当水接触角大于150°且滑动角小于10°时,便可定义为超疏水。超疏水材料的亲油性可以高效且具有选择性地吸收油和有机溶剂,实现了便捷、高效的油水分离方式。目前研究工作大部分集中在聚合物结构上引入含氟链段以达到超疏水性能,这不仅增加了成本,而且对环境不利。因此,制备一种具有低成本、选择性好、吸附效率高、满足苛刻环境要求的多孔有机聚合物迫在眉睫。
发明内容
针对现有超疏水材料的缺点,本发明的目的在于提供一种耐酸碱超疏水涤纶织物,实现低成本、环保、高效和高选择性的新型油水分离方式。
本发明采用的技术方案如下:一种超疏水多孔有机聚合物,具有如(I)所示的结构式:
一种超疏水多孔有机聚合物的制备方法,包括如下步骤:
1)合成过程:在氮气条件下,于容器中加入反应单体1,3,5-三乙炔基苯和2,7-二溴-9,9-二苯基芴,然后加入四(三苯基磷)钯和碘化亚铜作催化剂,用注射器加入无水N,N-二甲基甲酰胺和无水三乙胺,在氮气条件下,于80℃反应72h;
2)提纯过程:反应结束后,将产物冷却至室温,分别用N,N-二甲基甲酰胺、四氢呋喃和丙酮溶剂洗涤,然后依次用四氢呋喃、二氯甲烷和甲醇索氏提取,对粗产品进行进一步纯化,最后在90℃下真空干燥10h,得到超疏水多孔有机聚合物。

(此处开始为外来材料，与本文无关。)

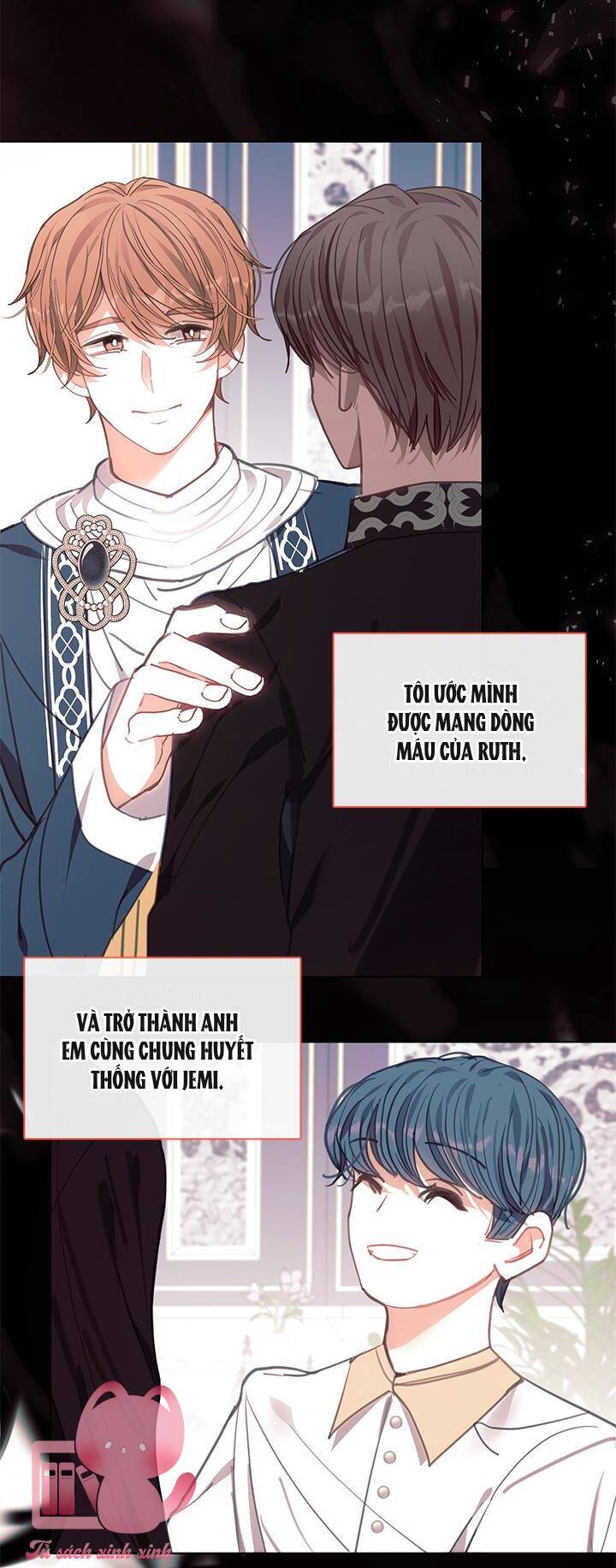 Thành Viên Trong Gia Đình Phát Cuồng Vì Tôi Chap 59 - Next Chap 60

进一步的,步骤1)中,按摩尔比,1,3,5-三乙炔基苯:2,7-二溴-9,9-二苯基芴=1:1.5。
进一步的,步骤1)中,按质量比,四(三苯基磷)钯:碘化亚铜=3:1。
进一步的,步骤1)中,按体积比,无水N,N-二甲基甲酰胺:无水三乙胺=2.5:1。
一种耐酸碱超疏水涤纶织物,通过浸渍的方式将上述的超疏水多孔有机聚合物负载在涤纶织物上。
一种耐酸碱超疏水涤纶织物的制备方法,包括如下步骤:将上述的超疏水多孔有机聚合物超声分散于乙醇中得分散液,将涤纶织物放在分散液中,超声均匀、静置、干燥,得到耐酸碱超疏水涤纶织物。
本发明提供的一种耐酸碱超疏水涤纶织物在油水混合物分离中的应用。
本发明的有益效果是:
1、本发明,以1,3,5-三乙炔基苯和2,7-二溴-9,9-二苯基芴作为构筑基元,四(三苯基磷)钯为催化剂,通过Sonogashira-Hagihara偶联反应制备多孔有机聚合物LNU-15。所用的单体廉价易得,对环境友好,易满足实际生产需求。
2、本发明,使用简单浸渍的方式将多孔有机聚合物负载在涤纶织物上,制备方法简单,仅需通过浸渍的方式,便可以获得具有超疏水性能的涤纶织物,工艺简单,有利于快速量产。
3、本发明制备得到的耐酸碱超疏水涤纶织物,可用于油水混合物有效分离,在强酸和强碱等苛刻条件下仍保持良好的疏水性能,可以满足不同环境的需求。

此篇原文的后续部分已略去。